When are people—especially those living in the United States—going to understand that the United States is not a democracy? It is a constitutional republic. Stop repeating that you want democracy. You already have something far more intentional—if you can keep it.

There is no such thing as a good democracy. Democracy is majority rule. It’s two wolves and a sheep voting on what’s for dinner. A republic is built on individual rights, rule of law, and limited government—not the mood of the mob.

This sloppy conflation didn’t start by accident. The propaganda push to rebrand the U.S. as a democracy took off in the early 20th century, around the time of Woodrow Wilson. The Committee on Public Information (CPI), established in 1917 under Wilson, aggressively used media and education to frame U.S. involvement in World War I as a fight to “make the world safe for democracy.” That phrase stuck.

It was never about preserving the republic.
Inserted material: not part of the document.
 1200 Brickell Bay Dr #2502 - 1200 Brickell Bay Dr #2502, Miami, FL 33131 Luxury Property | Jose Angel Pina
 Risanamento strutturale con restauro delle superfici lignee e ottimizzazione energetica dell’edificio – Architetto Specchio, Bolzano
It was marketing.

Remember, it was Wilson who signed the Federal Reserve Act in 1913, handing over monetary control to a private banking cartel. And just a few years later, he imposed the most illegal of violations: the income tax. The IRS was born under his watch.

And if you don’t know anything about the Fed, this is a private bank that prints money out of air. It operates alongside every other central bank under the same model—fractional reserve lending. That means they loan out money they don’t have, backed by nothing but your future labor.

This causes inflation—a silent theft that debases your savings, your wages, your time. It’s an eternal cycle of debt slavery, where you’re taxed on what you earn, what you spend, and what you save—while your money loses value every year by design.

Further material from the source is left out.